However, there are also a few questions that we have left
unanswered here.
Specifically,
the core clock speed of the Parhelia 512 has not been
disclosed as of yet, most likely since the product is
still in first or second rev. silicon and yields are still
being optimized. However, one could surmise that
this chip may in fact have one of the slowest core clock
speeds on this chart. The die size of the product is
easily the largest, with 80 million transistors in total,
yet still built on .15 micron manufacturing technology.
In addition, Matrox has made no mention of bandwidth
optimization techniques like Z-Occlusion Culling (Hidden
Surface Removal), compression techniques across the memory
bus or just how exactly the Parhelia 512's memory
controller is architected. All of these factors
could affect overall "available" bandwidth and fill rate
of the Parhelia 512 but are still unknown quantities to
us, at this time.
Getting back
to the architecture side of things, the Parhelia 512 also
has a total of 4 Texture Units per rendering pipe.
The only GPU to date, that has had more than even 2
texture units, is the Radeon 7500. Ever wonder why
the Radeon 7500 did so well with Serious Sam benchmarks,
even though it is an older generation chip? Croteam
was texture happy with that title and it really looks
great as a result.

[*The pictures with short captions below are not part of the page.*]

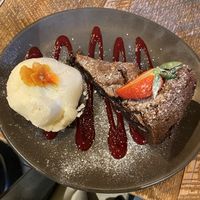 chocolate hazelnut brownie with vegan vanilla ice cream   at Coal & Cotton in Worsley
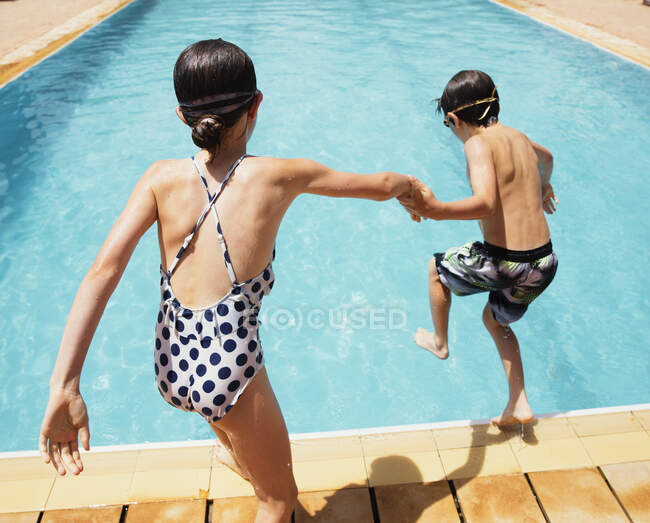 Niño y niña tomados de la mano, saltando a la soleada piscina de verano - foto de stock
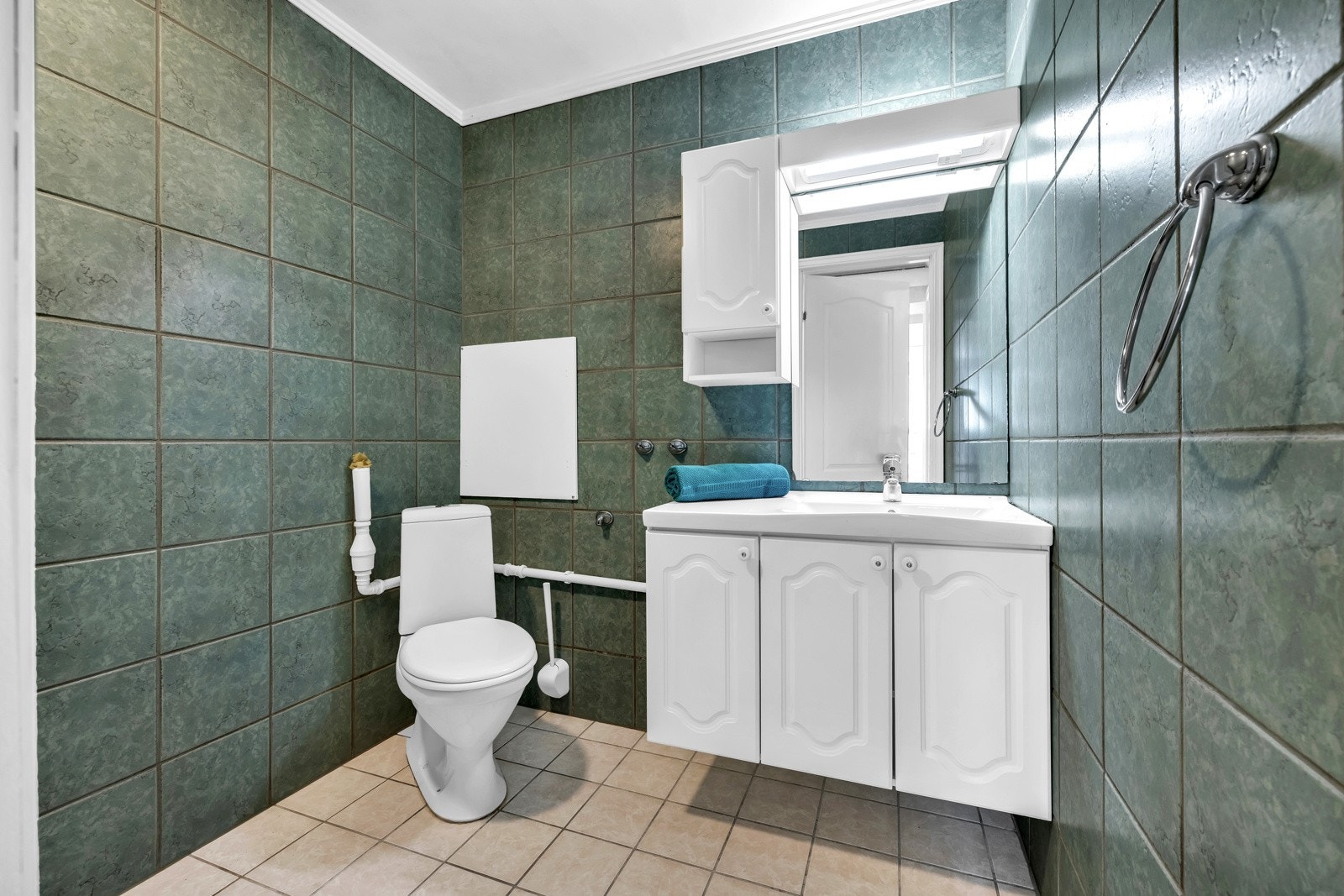 Boligens andre bad ligger i kjelleren og har flislagte gulv og vegger og har elektrisk gulvvarme. Badet er fra 2003 og er utstyrt med vegghengt servantinnredning med overpåliggende servant. Galleribilde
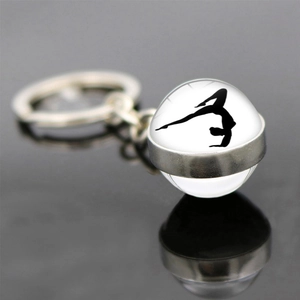 Detailed view of rhythmic gymnastics silhouette inside a clear glass ball keychain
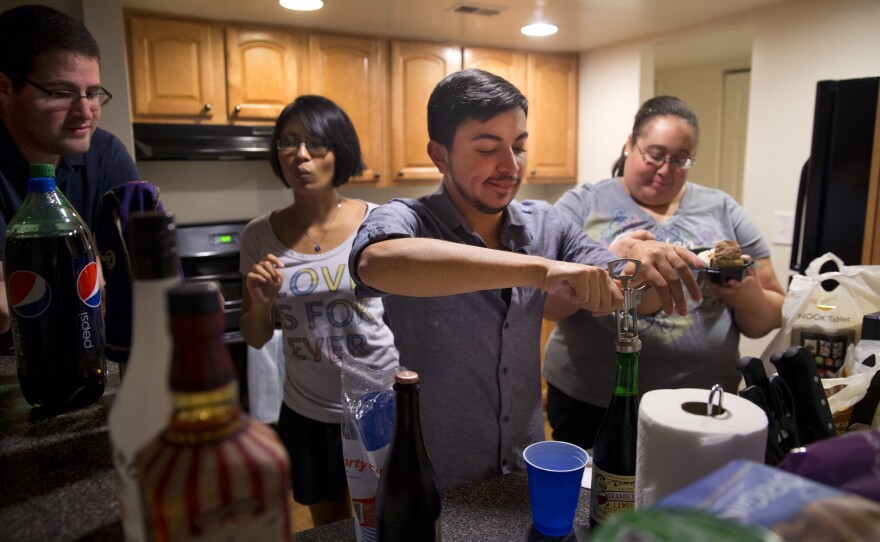 Younes celebrates his birthday with Martinez (second from left) and several of their friends at their apartment on a Saturday night.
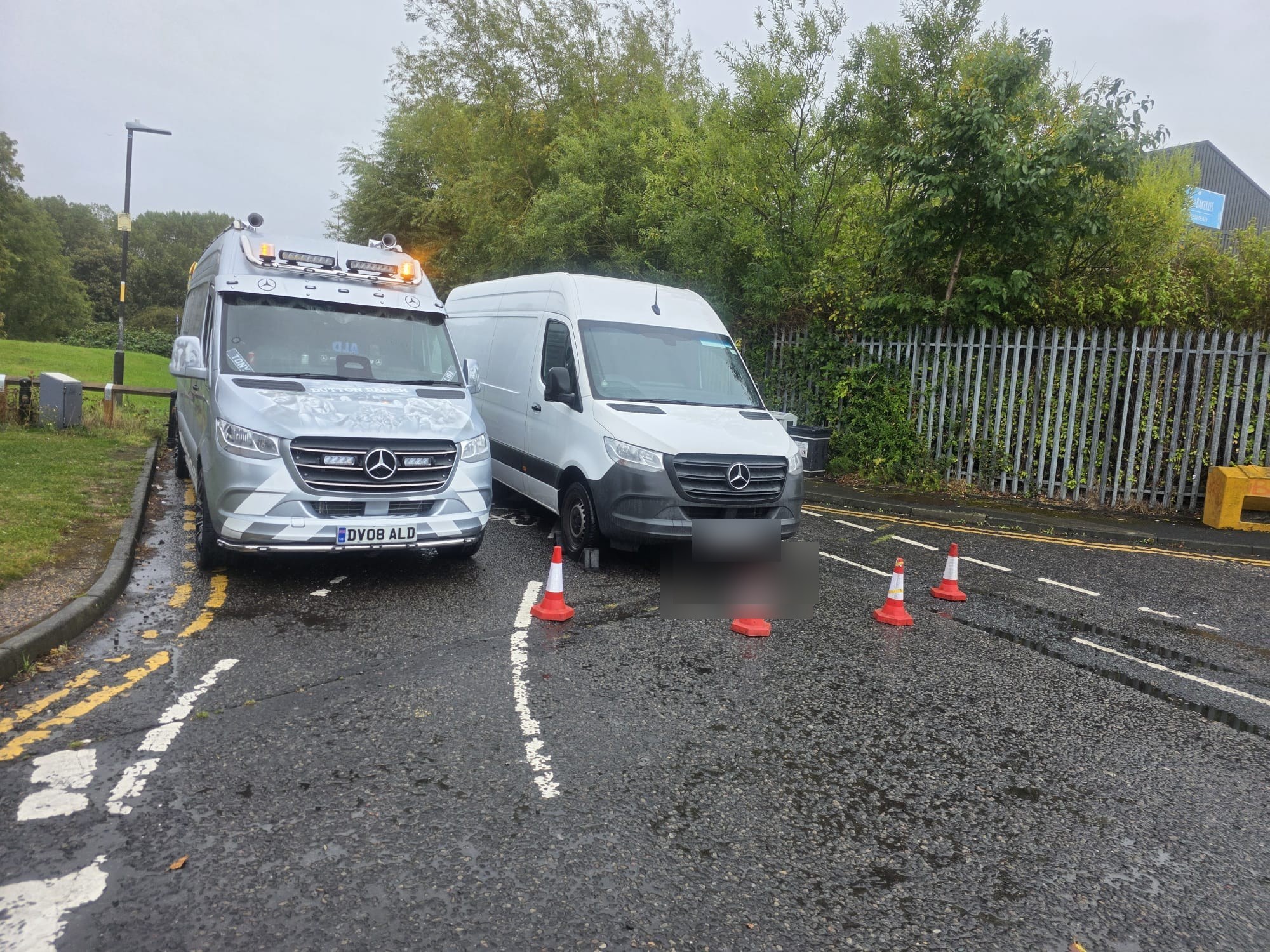 An ALD van parked beside a customer van behind traffic cones on a wet roadside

ATi actually incorporated 3
texturing units on the Radeon 7500 and then scaled back
down to two on the Radeon 8500. The Parhelia 512 has
4 texturing units, capable of delivering 4 Quad Textured
pixels per clock.
Vertex Shaders:

Vertex Shaders,
now here's an obvious advantage that NVIDIA capitalized on
with the GF4 Ti 4600. When it comes to DirectX 8
and next generation OpenGL gaming, Vertex and Pixel
Shaders are prerequisites. The more shaders you have
running in parallel, the more horsepower you have to run
today's amazing new game engines. The Parhelia 512
has 4 Vertex Shading engines, two more than the mighty
GeForce4 Ti. In addition, these Vertex Shaders
are DirectX 9 compliant and are "version 2.0" engines.
Here's an
example of what these Quad Vertex shaders can do to bring
special lighting and animation effects to an object to
give it more realism, in addition to Quad Texturing.
Quad
Vertex Shader Effect
Click viewing

So then, let's
animate things a bit. The following scene was
rendered on the Matrox Parhelia 512 GPU.
Under
water reef - Click to download or stream AVI

Pixel Shaders
and Texture Units:

In total, the
Parhelia 512 has a "36 stage" Shader Array, which includes
a 5 stage Pixel Shader, in each of the 4 rendering pipes
(20 total) and 4 Quad Texturing Units (16 total).
The Radeon 8500 and NVIDIA GeForce4 Ti have 2 stage Pixel
Shaders in each of their four rendering pipelines (8
total), and 2 Quad Texturing Units, for a total of a 16
stage Shader Array. The Pixel Shaders in the
Parhelia 512 are also version 1.3 and are DirectX 8
compliant, like the GeForce4 Ti and Radeon 8500.